RECORDED INFORMATION:
● ● ● ● ● ● ●

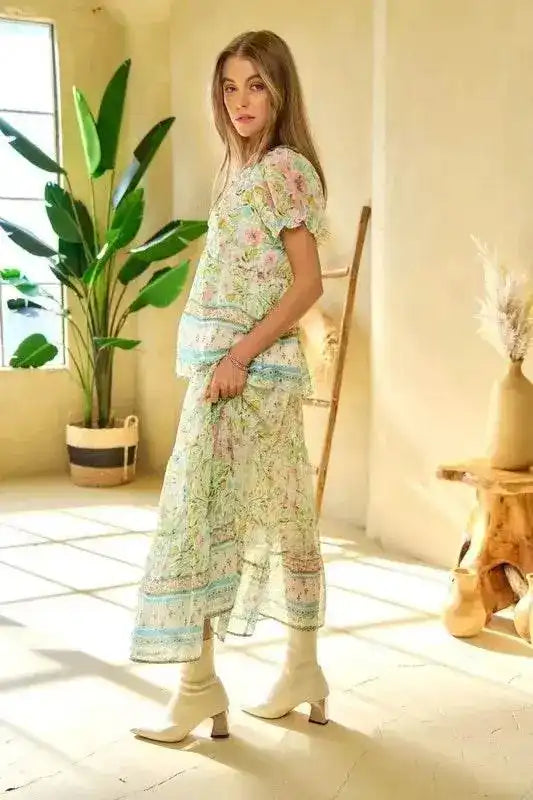 Davi & Dani Spring Floral Border Print Ruffled Textured Top - Sleekdenim.com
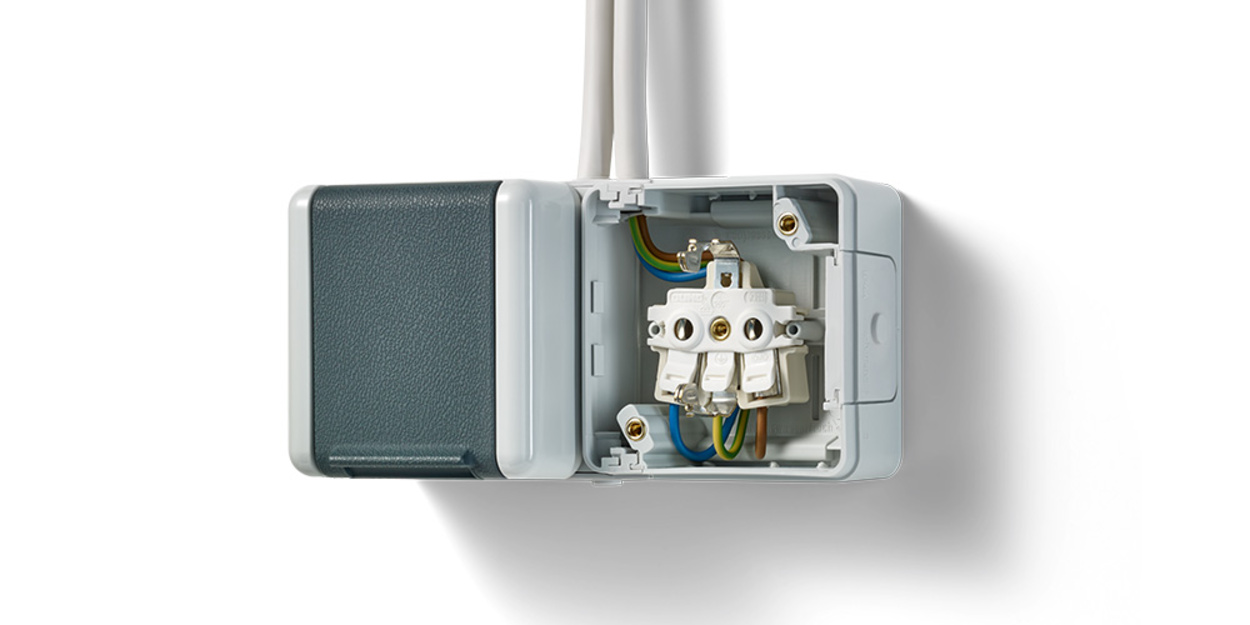 Doppelsteckdose mit Trennsteg bei ToBi-Elektro GmbH in Hünfeld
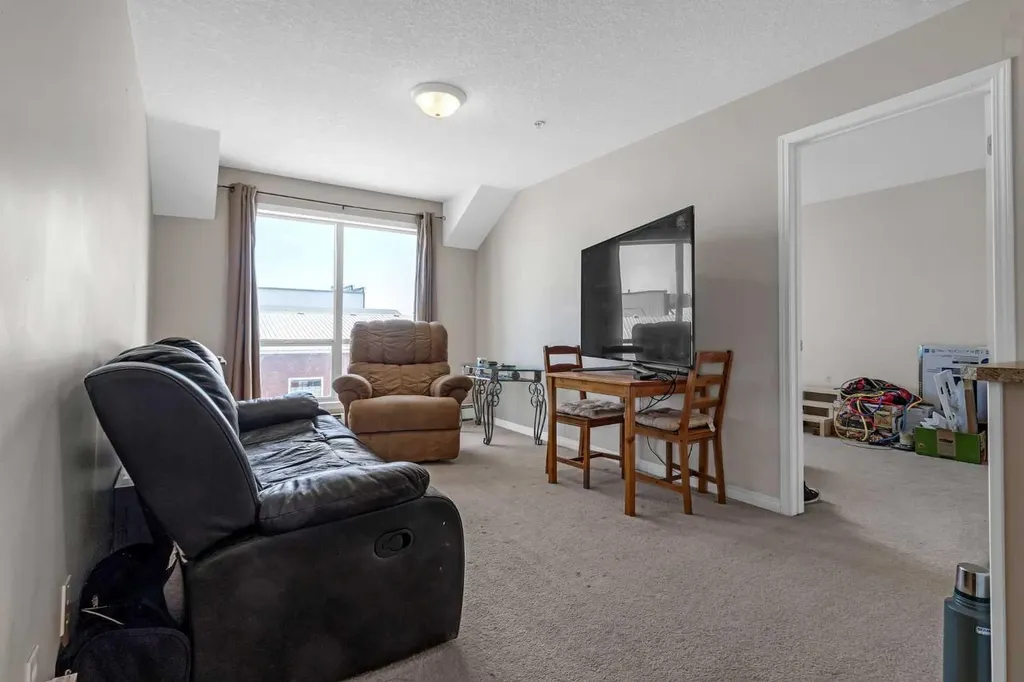 1010 Railway Street Crossfield AB T0M 0S0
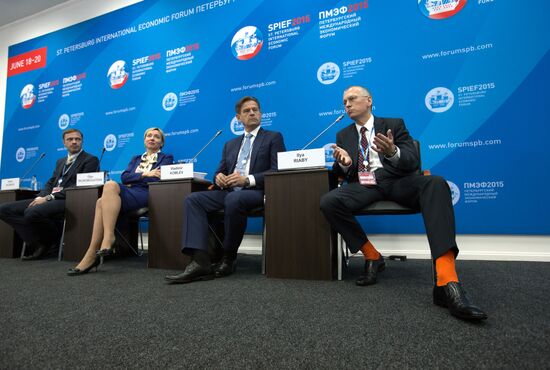 Briefing "A National Payment Card System -- a Step Towards Strengthening Stability" at 19th SPIEF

● ● ● ● ● ● ●

EXERCISE GOAL: The lines to write out run from the one containing "Doppelsteckdose mit Trennsteg" through the final line of the material above, both included; write them out exactly, with no pictures.

ANSWER SECTION:
 Doppelsteckdose mit Trennsteg bei ToBi-Elektro GmbH in Hünfeld
 1010 Railway Street Crossfield AB T0M 0S0
 Briefing "A National Payment Card System -- a Step Towards Strengthening Stability" at 19th SPIEF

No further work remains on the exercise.